Je n’aurais pas misé une pièce sur South of Midnight. Ok, le trailer d’annonce était vraiment cool, et j’avais beaucoup aimé le premier jeu de Compulsion Games, une petite aventure indé avec un excellent concept. Mais We Happy Few, leur deuxième jeu, m’avait bien refroidi. Et lorsqu’on a vu du gameplay pour la première fois, je me disais qu’on allait être sur un jeu très lambda sans fulgurance. Mais va falloir que je me fasse une raison : Microsoft ne sait pas marketer ses jeux. Parce que South of Midnight m’a vraiment surpris.
Mais avant de vous expliquer pourquoi, on va d’abord chercher à savoir ce que voulaient faire les développeurs avec ce jeu.

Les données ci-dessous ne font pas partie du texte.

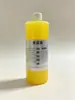 Rohu, melón cantalupo, agua, fondo claro, fondo sucio, fondo podrido, residuo aceitoso, pesca deportiva, pozo negro, pesca salvaje, aditivos, salsa de piña, salsa sabor naranja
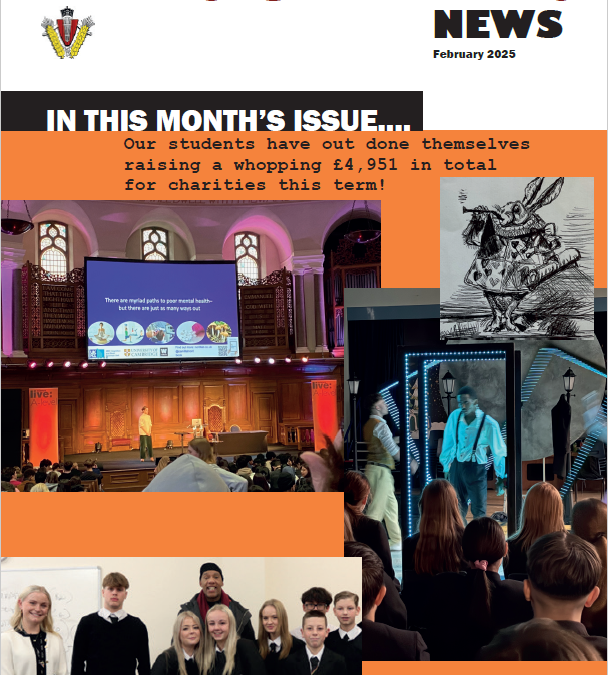 issue 98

Bon, déjà, Compulsion Games, c’est un petit studio fondé par un ancien de chez Arkane. C’est un très bon début, mais jusque-là, le CV n’est pas flamboyant non plus : un jeu indé très réussi, et un jeu disons AA qui s’est franchement planté. Finalement, qu’importe : lorsque Microsoft les rachète en 2018, ils décident de leur laisser carte blanche pour faire le jeu qu’ils veulent. Et selon le directeur du jeu, c’est ce qu’ils ont fait, sans se soucier de l’accueil que le jeu aura.
Leur idée, le concept au cœur du jeu est à la fois très simple et plutôt original : créer un jeu spécifiquement sur le folklore des États-Unis du Sud.
Le bayou, enfin plus largement le sud des États-Unis, on le croise rarement dans le jeu vidéo. Parmi les exemples les plus connus, on retrouve Resident Evil 7, Red Dead Redemption 2, Mafia 3 ou Hunt Showdown, et quelques jeux indés qui se sont imprégnés de la culture locale, mais ça reste rare. Et surtout, aucun ne puise vraiment dans son folkore. L’ambiance est là, mais pas l’imaginaire qui va avec. Et pourtant, il est ultra riche grâce à son mélange d’influences européennes, afro-américaines, créoles ou encore cadiennes. Et chez Compulsion Games, ils l’aiment, ce lore. Le directeur créatif a grandi en baignant dans ces mythes racontés par sa grand-mère. Et pour être sûr de bien le respecter, ils vont faire appel à des conseillers culturels comme l’autrice Donna Washington.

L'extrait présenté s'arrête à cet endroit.